Dataset content →
● ● ● ● ●
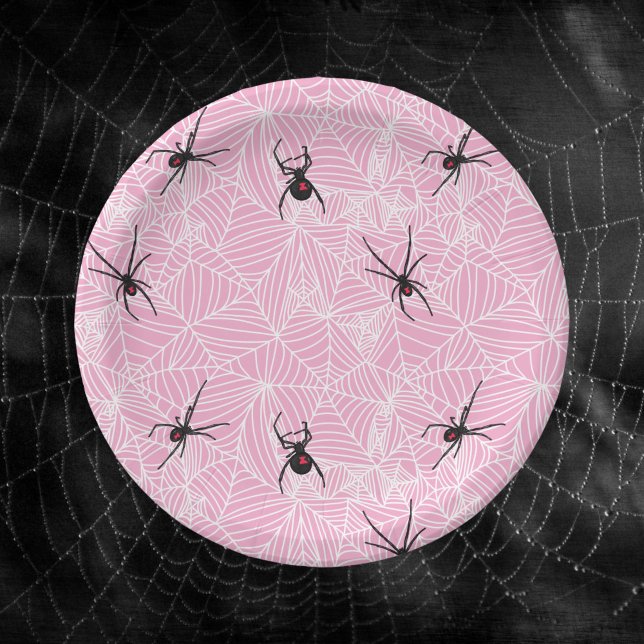 Black Widow Spider Web Pink Paper Plate (Creator Uploaded)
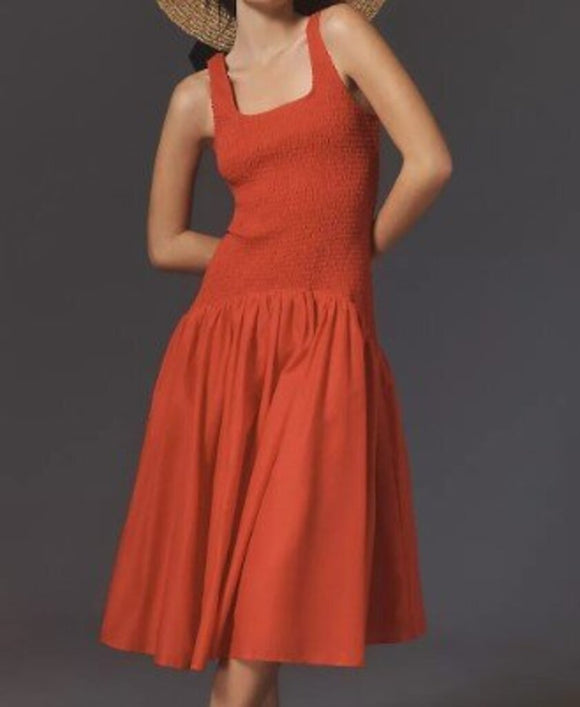 women Hutch - Anthro NWT Sleeveless Smocked Drop-Waist Midi Dress Hibiscus Red Dress M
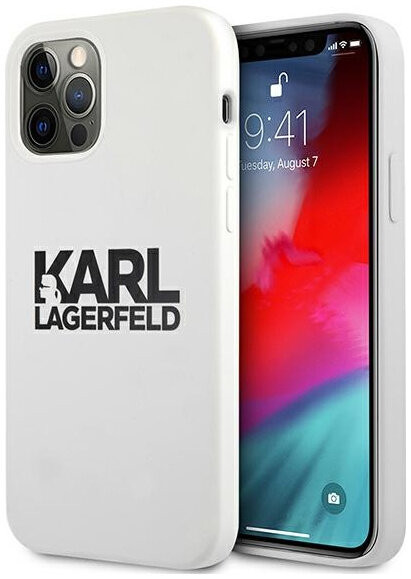 фото Чехол cg mobile karl lagerfeld liquid silicone stack logo hard для iphone 12/12 pro, белый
● ● ● ● ●
The problem →
Return the material above exactly; the images stay out.

Problem solution →
 Black Widow Spider Web Pink Paper Plate (Creator Uploaded)
 women Hutch - Anthro NWT Sleeveless Smocked Drop-Waist Midi Dress Hibiscus Red Dress M
 фото Чехол cg mobile karl lagerfeld liquid silicone stack logo hard для iphone 12/12 pro, белый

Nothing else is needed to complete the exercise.